A Tanzânia recusou asilo a cerca de 3.800 moçambicanos em fuga dos ataques armados em Palma, Cabo Delgado, durante o mês de maio, anunciou esta sexta-feira o Alto Comissariado das Nações Unidas para os Refugiados (ACNUR).
“Em maio, quase 3.800 moçambicanos foram devolvidos à força da Tanzânia através do posto fronteiriço de Negomano, de acordo com as autoridades moçambicanas”, lê-se num relatório do ACNUR divulgado esta sexta-feira.
Aquele órgão das Nações Unidas entregou ajuda naquele posto a 25 de maio e entrevistou 68 pessoas, entre as quais, “uma mulher que deu à luz enquanto foi forçada pela Tanzânia a regressar a Moçambique, sem receber assistência médica ou ajuda”. O ACNUR fala de relatos “preocupantes” e exorta “os países vizinhos a respeitarem o acesso ao asilo para aqueles que fogem da violência generalizada e dos conflitos armados no norte de Moçambique”.
Na sede de distrito de Mueda, de que Negomano faz parte, o ACNUR entrevistou 26 moçambicanos “que confirmaram a repulsa sistemática e recorrente” por parte da Tanzânia, “bem como preocupações de proteção já anteriormente relatadas, como a separação das famílias e a falta de ajuda humanitária”. Os testemunhos dão conta também de raptos regulares de deslocados para integrarem os grupos rebeldes.
“A maioria das famílias devolvidas à força viajam espontaneamente para outros distritos de Cabo Delgado, Nampula e Niassa, uma vez que Mueda é visto como um local inseguro”, acrescenta o relatório.
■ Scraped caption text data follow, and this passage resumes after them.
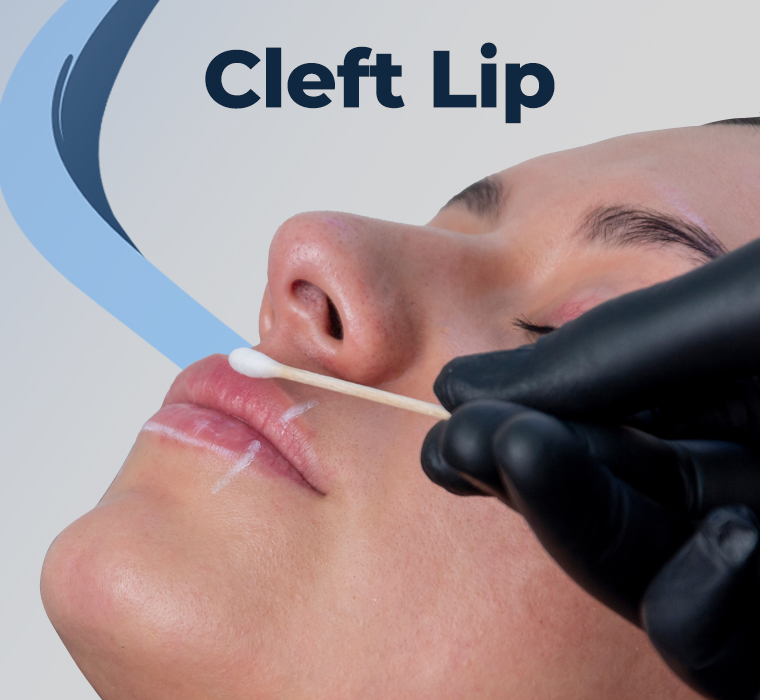 Cleft Lip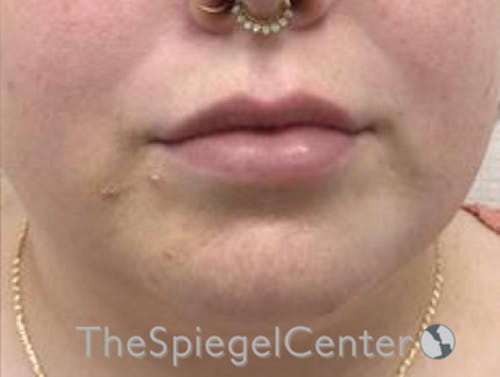 Lip Filler Before & After Gallery - Patient 280138 - Image 4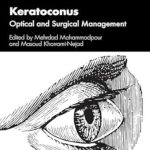 دانلود کتاب Keratoconus: Optical and Surgical Management 1st Edition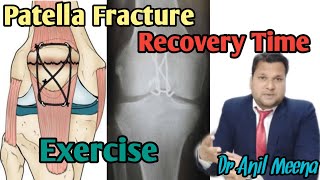 Patella Fracture Recovery Time after surgery | Patella Fracture  Recovery Exercises| In Hindi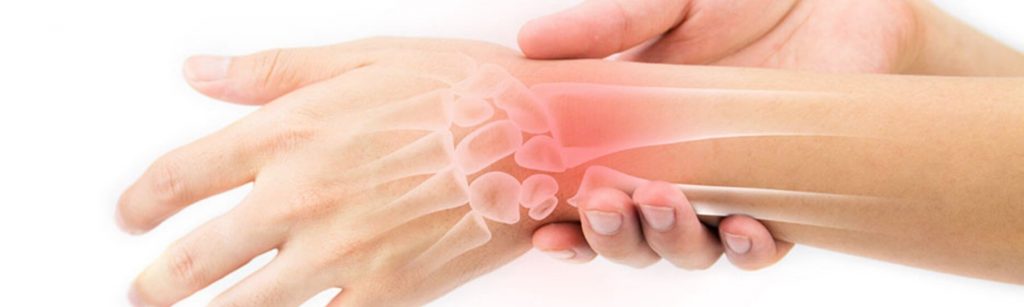 skauda kairiojo riešo sąnarių rankos sąnarių skausmas artrito gydymui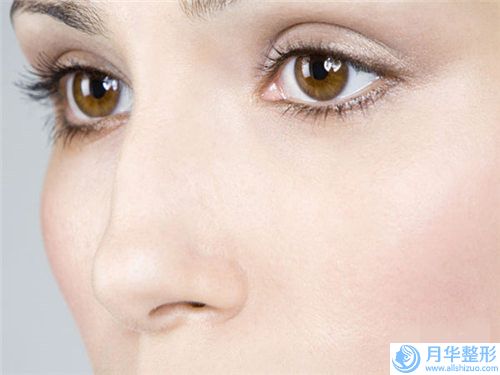 德州眾美整形美容整形價(jià)位表2024項(xiàng)目-寬鼻縮窄案例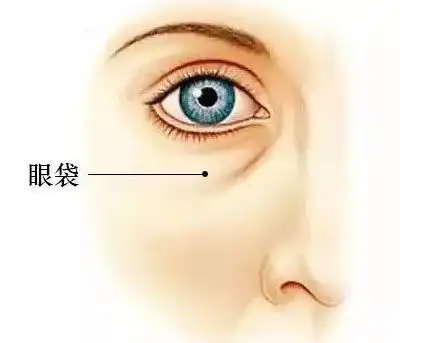这几个坏习惯,更容易导致生长眼袋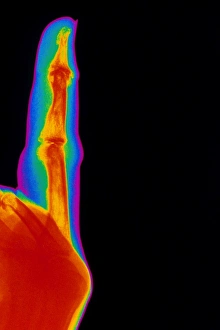 Coloured X-ray of finger with rheumatoid arthritis Coloured X-ray of finger with rheumatoid arthritis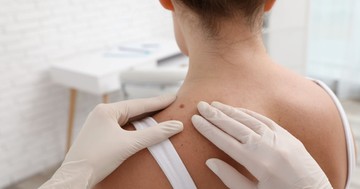  Eltávolítható az anyajegy akkor is, ha nem okoz gondot? 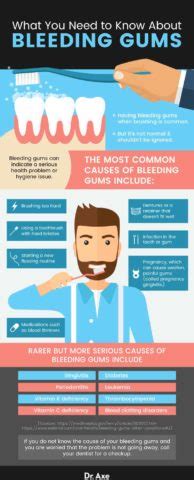 Bleeding Gums (Plus 5 Ways to Improve Gum Health) - Dr. Axe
Mês e meio depois do ataque de insurgentes, Palma é também classificado como “inseguro”, segundo o documento.
A avaliação do ACNUR é feita face ao desejo de alguns deslocados, albergados num pavilhão desportivo em Pemba, que expressaram a vontade de regressar a casa. “Embora algumas famílias hospedadas no centro queiram regressar a Palma, as organizações humanitárias não estão a apoiar o retorno à área devido a preocupações de segurança”, refere-se.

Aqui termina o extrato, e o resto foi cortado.